**Task to carry out**
Using the data below, reproduce exactly the lines from the line with "Casa à venda com 110m², 3 quartos e 2 vagas Casa" to the line with "Gundagai Cabins &", both included; pictures must be dropped.
:: Data for the task ::
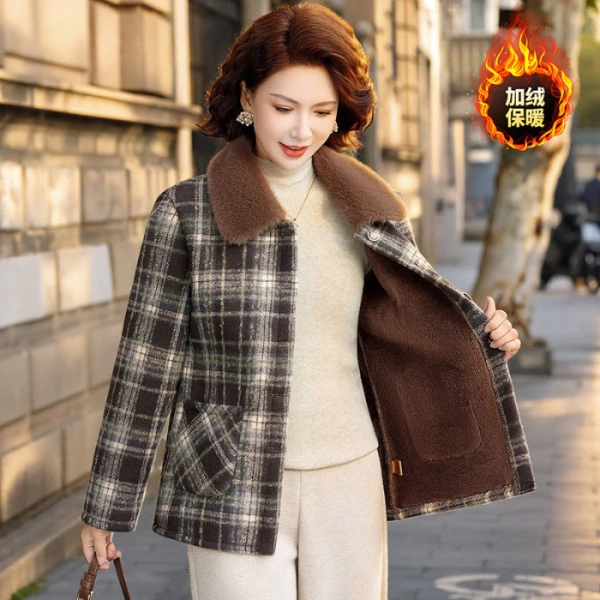 Trong thị trường hiện nay, nhiều mẫu áo khoác dạ được quảng cáo “giữ nhiệt”, nhưng không phải đều đáp ứng được nhu cầu thực tế của mẹ trung niên. (Ảnh 3) Trong thị trường hiện nay, nhiều mẫu áo khoác dạ được quảng cáo “giữ nhiệt”, nhưng không phải đều đáp ứng được nhu cầu thực tế của mẹ trung niên. (Ảnh 3)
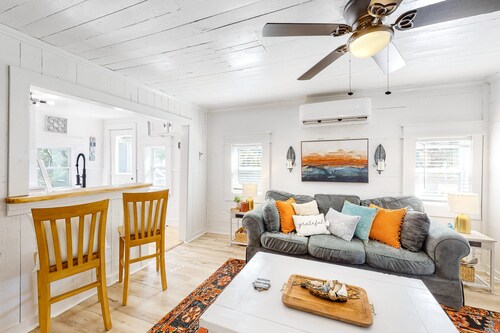 Dog-friendly home with washer/dryer & free WiFi - 3 miles from beach access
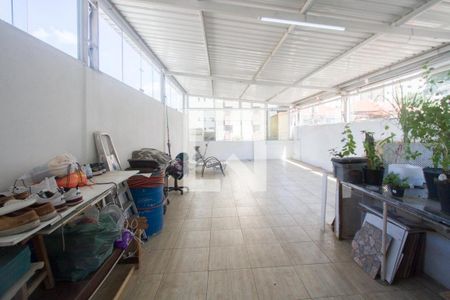 Casa à venda com 110m², 3 quartos e 2 vagas Casa à venda com 110m², 3 quartos e 2 vagasTerraço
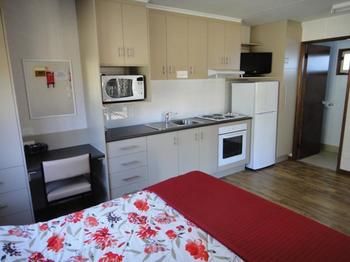 Gundagai Cabins & Tourist Park - Lismore Accommodation 2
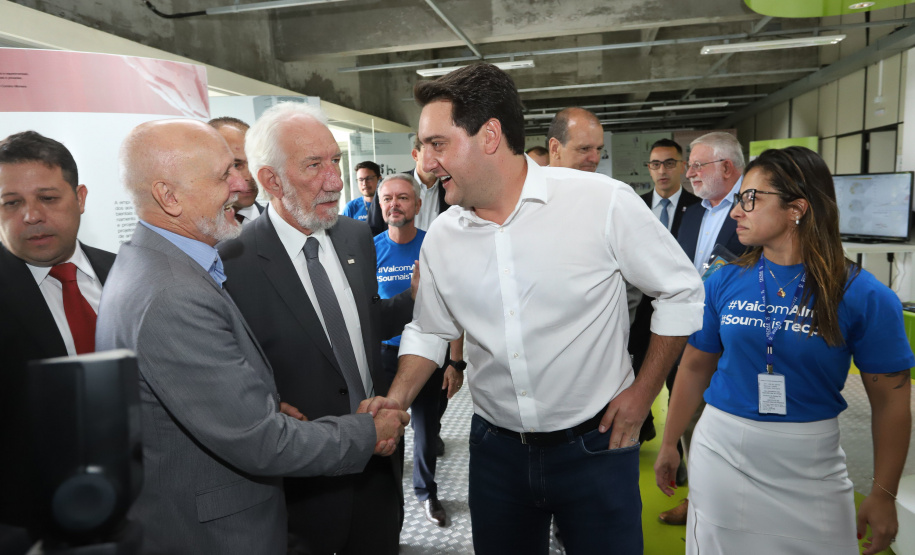 O governador Carlos Massa Ratinho Junior empossa a nova diretoria do Instituto de Tecnologia do Paraná (Tecpar). Tomam posse como diretor-presidente do Tecpar, Fabio Cammarota; diretora comercial, Danielle Portela; o diretor de Desenvolvimento Tecnológico e Inovação, Rafael Rodrigues; e diretor de Administração e Finanças, Arnaldo da Fonseca. Foto: Rodrigo Félix Leal/ANPr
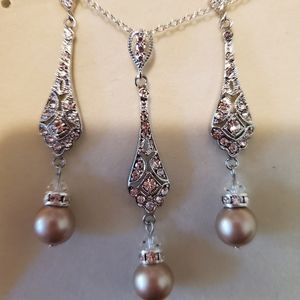 Champagne pearl earring and necklace set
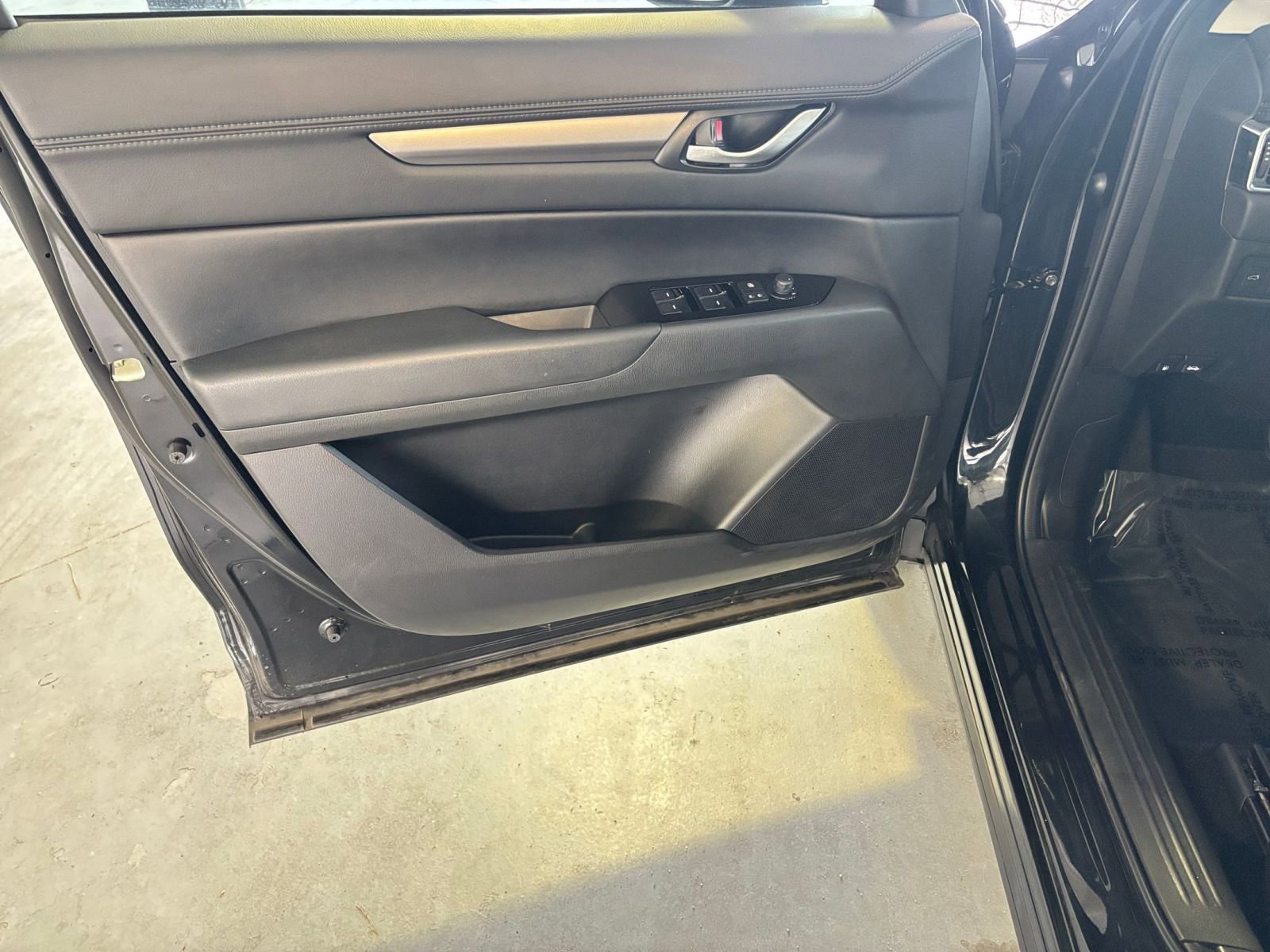 Thumbnail: 2025 Chevrolet Trax - 21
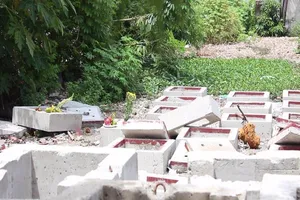 Gia đình bé trai bị nắp cống đè tử vong thôi khiếu nại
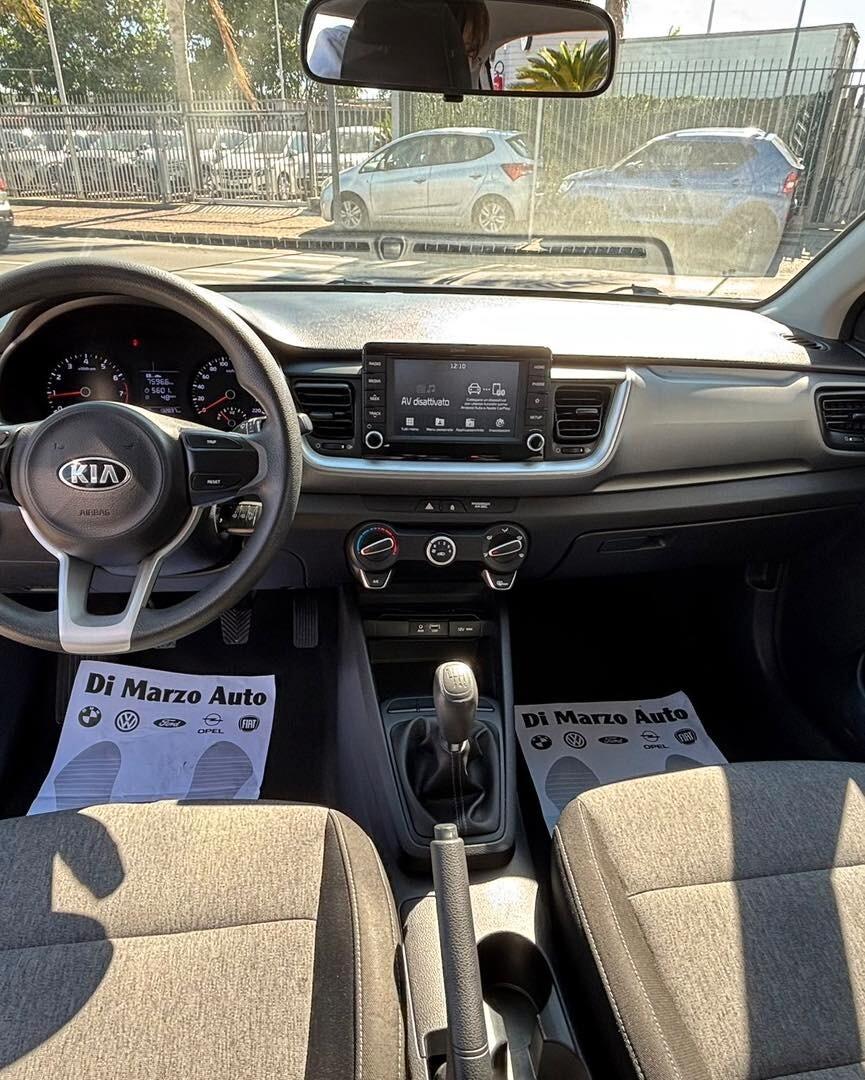 Kia Stonic 1.4 MPI 100 CV Urban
:::
**Your solution**
 Casa à venda com 110m², 3 quartos e 2 vagas Casa à venda com 110m², 3 quartos e 2 vagasTerraço
 Gundagai Cabins & Tourist Park - Lismore Accommodation 2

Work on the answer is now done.